38. The general principle is that the ultimate conclusion as to the credibility or truthfulness of a particular witness is a matter for the trier of fact and is not the proper subject of expert opinion: R v Marquard [1993] 4 SCR 223, at 248, per McLachlin J (Sup Ct, Canada), cited in Farrell v The Queen [1998] HCA 50; (1998) 194 CLR 286, at 321 [93], per Callinan J. However, in Farrell v The Queen the High Court held that an expert may give evidence as to the existence or possible existence of a disorder or disability affecting the capacity of a witness to give reliable evidence, provided the testimony goes beyond the ordinary experience of the trier of fact. Accordingly, evidence should have been admitted from a psychiatrist that the complainant suffered from mental disorders that may have caused memory impairment and a propensity to lie: at 293 [12], per Gaudron J; at 300 [29], per Kirby J; at 322 [93], per Callinan J.
39. I was not taken in argument to Farrell v The Queen, and thus I have not had the benefit of submissions as to whether the principle applied in that case extends to evidence concerning language or communications difficulties that might be experienced by Aboriginal witnesses.
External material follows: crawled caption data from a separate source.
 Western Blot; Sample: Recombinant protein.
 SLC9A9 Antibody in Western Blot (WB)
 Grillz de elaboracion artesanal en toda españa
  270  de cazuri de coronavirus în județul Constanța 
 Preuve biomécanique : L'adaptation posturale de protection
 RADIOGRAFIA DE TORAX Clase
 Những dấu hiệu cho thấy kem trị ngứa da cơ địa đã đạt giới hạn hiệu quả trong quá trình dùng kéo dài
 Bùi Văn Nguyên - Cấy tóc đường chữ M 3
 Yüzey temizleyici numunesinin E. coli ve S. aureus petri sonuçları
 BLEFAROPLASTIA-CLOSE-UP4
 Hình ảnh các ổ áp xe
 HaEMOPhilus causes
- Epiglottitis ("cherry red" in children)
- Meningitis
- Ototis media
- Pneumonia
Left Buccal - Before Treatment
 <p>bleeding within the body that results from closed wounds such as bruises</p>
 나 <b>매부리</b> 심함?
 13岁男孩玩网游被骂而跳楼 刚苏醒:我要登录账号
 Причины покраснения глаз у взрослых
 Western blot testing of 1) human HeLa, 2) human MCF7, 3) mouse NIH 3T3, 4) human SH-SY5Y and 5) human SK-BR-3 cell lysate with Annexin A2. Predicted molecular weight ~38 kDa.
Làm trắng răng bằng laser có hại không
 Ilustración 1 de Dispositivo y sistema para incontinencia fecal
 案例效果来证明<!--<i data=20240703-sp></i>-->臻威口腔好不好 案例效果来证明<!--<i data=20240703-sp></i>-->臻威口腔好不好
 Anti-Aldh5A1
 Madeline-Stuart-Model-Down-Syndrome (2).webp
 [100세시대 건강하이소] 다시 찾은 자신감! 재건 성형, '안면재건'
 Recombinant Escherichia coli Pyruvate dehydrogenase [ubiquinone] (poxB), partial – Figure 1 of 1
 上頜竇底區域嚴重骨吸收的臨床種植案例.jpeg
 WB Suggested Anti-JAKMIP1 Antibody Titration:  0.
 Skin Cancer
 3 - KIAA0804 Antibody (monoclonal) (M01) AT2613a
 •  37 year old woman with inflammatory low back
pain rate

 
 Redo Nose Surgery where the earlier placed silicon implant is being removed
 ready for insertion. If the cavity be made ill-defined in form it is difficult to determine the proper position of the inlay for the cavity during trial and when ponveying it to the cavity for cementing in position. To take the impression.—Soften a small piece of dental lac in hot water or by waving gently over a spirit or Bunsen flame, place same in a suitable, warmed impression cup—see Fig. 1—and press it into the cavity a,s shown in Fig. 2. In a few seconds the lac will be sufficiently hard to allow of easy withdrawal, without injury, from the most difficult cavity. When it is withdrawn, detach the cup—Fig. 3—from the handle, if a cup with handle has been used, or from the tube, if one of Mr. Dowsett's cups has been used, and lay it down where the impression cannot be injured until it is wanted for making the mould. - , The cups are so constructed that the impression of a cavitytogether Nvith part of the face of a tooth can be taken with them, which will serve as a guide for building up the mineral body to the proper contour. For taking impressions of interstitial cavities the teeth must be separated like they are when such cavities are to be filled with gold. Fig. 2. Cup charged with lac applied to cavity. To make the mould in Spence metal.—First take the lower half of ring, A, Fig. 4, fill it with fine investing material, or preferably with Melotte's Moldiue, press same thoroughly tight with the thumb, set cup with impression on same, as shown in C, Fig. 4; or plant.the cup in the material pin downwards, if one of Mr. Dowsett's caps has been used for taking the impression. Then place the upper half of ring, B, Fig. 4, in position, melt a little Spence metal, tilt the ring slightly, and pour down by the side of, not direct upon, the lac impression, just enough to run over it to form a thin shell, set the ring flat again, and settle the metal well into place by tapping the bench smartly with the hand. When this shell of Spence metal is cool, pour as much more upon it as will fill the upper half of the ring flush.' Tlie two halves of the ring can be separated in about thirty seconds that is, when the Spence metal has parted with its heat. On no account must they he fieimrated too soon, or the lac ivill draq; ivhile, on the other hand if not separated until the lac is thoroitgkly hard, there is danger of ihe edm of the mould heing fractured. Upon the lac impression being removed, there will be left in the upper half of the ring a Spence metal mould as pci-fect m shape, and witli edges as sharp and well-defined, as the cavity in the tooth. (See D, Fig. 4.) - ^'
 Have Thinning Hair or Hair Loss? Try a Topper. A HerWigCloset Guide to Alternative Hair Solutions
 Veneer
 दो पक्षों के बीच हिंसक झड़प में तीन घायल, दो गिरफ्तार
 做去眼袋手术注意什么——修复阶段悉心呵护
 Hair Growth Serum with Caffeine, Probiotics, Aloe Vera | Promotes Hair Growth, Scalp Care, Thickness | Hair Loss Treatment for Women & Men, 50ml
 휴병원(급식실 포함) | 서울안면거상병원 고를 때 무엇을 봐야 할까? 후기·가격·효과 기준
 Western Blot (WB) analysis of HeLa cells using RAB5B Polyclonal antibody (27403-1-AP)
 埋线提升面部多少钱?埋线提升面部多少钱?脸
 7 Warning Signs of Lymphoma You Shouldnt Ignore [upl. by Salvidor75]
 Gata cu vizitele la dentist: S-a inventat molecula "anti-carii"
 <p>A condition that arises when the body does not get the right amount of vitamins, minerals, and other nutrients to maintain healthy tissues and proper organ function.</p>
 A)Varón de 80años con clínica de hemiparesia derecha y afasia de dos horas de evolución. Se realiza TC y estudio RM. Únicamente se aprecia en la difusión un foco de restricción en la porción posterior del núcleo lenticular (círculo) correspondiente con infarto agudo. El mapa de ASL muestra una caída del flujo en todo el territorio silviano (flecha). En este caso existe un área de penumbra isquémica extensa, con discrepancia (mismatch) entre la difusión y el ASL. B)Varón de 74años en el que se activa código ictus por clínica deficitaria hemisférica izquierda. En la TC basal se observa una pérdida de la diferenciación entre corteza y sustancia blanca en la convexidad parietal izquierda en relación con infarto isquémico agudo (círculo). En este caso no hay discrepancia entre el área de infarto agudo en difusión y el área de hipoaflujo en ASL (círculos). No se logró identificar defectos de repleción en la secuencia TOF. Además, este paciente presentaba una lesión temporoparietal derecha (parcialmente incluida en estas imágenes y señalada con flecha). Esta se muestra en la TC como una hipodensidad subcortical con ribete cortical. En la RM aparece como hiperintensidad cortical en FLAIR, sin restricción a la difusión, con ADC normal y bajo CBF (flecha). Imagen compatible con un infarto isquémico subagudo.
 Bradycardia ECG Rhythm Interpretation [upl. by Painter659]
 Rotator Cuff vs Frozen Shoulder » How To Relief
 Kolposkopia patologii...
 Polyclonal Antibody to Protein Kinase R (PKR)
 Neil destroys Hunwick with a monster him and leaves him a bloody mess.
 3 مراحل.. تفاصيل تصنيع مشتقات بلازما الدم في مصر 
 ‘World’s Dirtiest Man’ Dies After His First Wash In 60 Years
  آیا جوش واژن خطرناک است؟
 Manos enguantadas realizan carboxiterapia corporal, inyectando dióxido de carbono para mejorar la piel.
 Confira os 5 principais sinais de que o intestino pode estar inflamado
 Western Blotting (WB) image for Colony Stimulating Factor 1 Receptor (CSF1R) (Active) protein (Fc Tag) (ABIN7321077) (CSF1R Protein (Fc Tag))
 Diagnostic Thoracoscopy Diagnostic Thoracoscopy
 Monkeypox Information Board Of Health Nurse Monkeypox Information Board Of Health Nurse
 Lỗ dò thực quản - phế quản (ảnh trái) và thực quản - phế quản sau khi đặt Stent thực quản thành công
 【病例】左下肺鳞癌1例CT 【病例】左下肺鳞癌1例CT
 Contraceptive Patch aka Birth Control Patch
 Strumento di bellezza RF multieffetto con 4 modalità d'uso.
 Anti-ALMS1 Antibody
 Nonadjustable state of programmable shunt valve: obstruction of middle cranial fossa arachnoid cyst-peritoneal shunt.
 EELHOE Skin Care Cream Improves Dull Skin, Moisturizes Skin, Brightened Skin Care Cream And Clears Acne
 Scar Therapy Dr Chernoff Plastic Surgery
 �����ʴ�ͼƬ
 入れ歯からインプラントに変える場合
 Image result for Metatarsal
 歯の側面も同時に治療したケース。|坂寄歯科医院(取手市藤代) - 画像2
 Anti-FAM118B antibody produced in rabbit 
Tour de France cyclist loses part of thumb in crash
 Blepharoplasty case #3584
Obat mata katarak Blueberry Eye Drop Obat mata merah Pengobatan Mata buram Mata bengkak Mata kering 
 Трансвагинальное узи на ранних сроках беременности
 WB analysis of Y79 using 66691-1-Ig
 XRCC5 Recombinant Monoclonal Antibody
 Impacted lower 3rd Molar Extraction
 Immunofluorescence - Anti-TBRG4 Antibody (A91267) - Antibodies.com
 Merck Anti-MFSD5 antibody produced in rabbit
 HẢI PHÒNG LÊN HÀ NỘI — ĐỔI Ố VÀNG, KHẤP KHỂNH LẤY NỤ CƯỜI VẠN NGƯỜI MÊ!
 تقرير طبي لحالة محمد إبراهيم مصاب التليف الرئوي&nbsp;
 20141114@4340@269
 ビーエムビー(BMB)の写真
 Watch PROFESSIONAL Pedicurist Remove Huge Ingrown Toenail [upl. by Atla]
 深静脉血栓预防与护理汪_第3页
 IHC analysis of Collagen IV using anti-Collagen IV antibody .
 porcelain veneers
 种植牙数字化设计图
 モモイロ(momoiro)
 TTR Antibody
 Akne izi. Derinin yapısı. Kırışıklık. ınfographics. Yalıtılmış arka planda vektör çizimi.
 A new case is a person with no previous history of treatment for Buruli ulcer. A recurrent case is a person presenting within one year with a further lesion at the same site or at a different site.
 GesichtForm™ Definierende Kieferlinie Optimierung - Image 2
Nor was my attention drawn to any native title or similar cases in which evidence of this kind has been admitted.
40. I think it is at least arguable that an anthropologist with extensive experience in communicating with Aboriginal people on matters of traditional laws and customs can give evidence of language or communications difficulties that might have a bearing on the ability of Aboriginal witnesses to give reliable or complete evidence on important issues. In the absence of full argument on these issues, I think it appropriate to admit the general observations of Professor Sutton about language or communications difficulties likely to be experienced by Aboriginal witnesses. Some of these difficulties are well known and it may be that the points made by Professor Sutton could equally be made in submissions. Nonetheless, I think that the observations might be of some relevance and can be said to be the product of relevant training or experience.
41. Insofar as Professor Sutton comments on particular passages of evidence given at the hearing, I do not think that his comments should be admitted into evidence. The evaluation of specific evidence is the task of the trier of fact. In discharging that task, the trier of fact will have to take account of many factors, of which the difficulty of cross-cultural communications is but one. I do not think that the relevant expertise of an anthropologist extends to the evaluation of specific evidence given by particular witnesses at the hearing.
42. Even if the proffered evidence evaluating the testimony of particular witnesses was within Professor Sutton’s expertise, I would reject it pursuant to s 135(c) of the Evidence Act. To allow Professor Sutton to give evidence of this kind is to invite a collateral dispute, potentially involving lengthy cross-examination, on a matter that is quintessentially for the Court to determine. The probative value of the evidence, if any, is substantially outweighed by the danger that the evidence will result in an undue waste of time.
43. I have asked the parties to attempt to reach agreement as to which other paragraphs in the Report should be rejected or admitted on a limited basis having regard to these rulings. If they cannot reach agreement, I shall hear further argument.